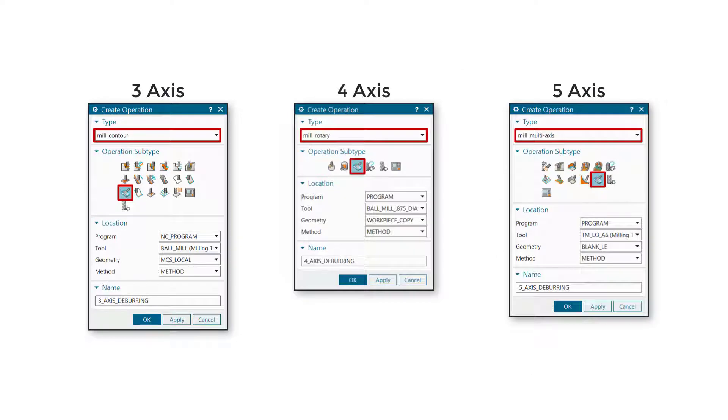Multi-axis deburring enables you to create 3, 4, and 5-axis edge deburring operations where chamfers and fillets are not modeled.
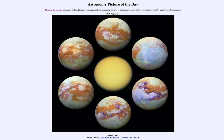Greetings and welcome to the introduction to astronomy. One of the things that I like to do in each of my introductory astronomy classes is to begin the class with the Astronomy Picture of the Day from the NASA website, that is apod.nasa.gov/apod. Today's picture for August the 20th of 2020 is titled 'Seeing Titan.'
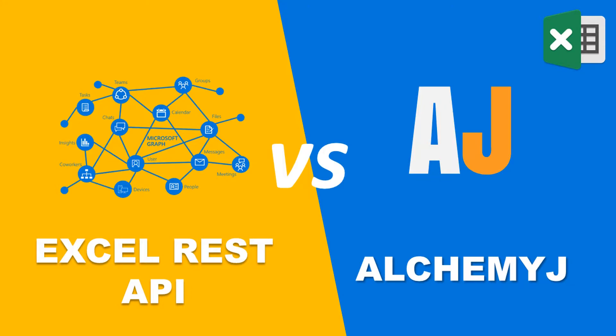Indeed, our solution AlchemyJ may even better suit your needs. In this video, I will do a comparison of these two solutions. At the end of the video, you can decide which one can solve your problem better. So I hope you'll stay until the end.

-- What to produce --
The reply must hold every line above exactly as written and none of the pictures.

-- Exercise answer --
Multi-axis deburring enables you to create 3, 4, and 5-axis edge deburring operations where chamfers and fillets are not modeled.
Greetings and welcome to the introduction to astronomy. One of the things that I like to do in each of my introductory astronomy classes is to begin the class with the Astronomy Picture of the Day from the NASA website, that is apod.nasa.gov/apod. Today's picture for August the 20th of 2020 is titled 'Seeing Titan.'
Indeed, our solution AlchemyJ may even better suit your needs. In this video, I will do a comparison of these two solutions. At the end of the video, you can decide which one can solve your problem better. So I hope you'll stay until the end.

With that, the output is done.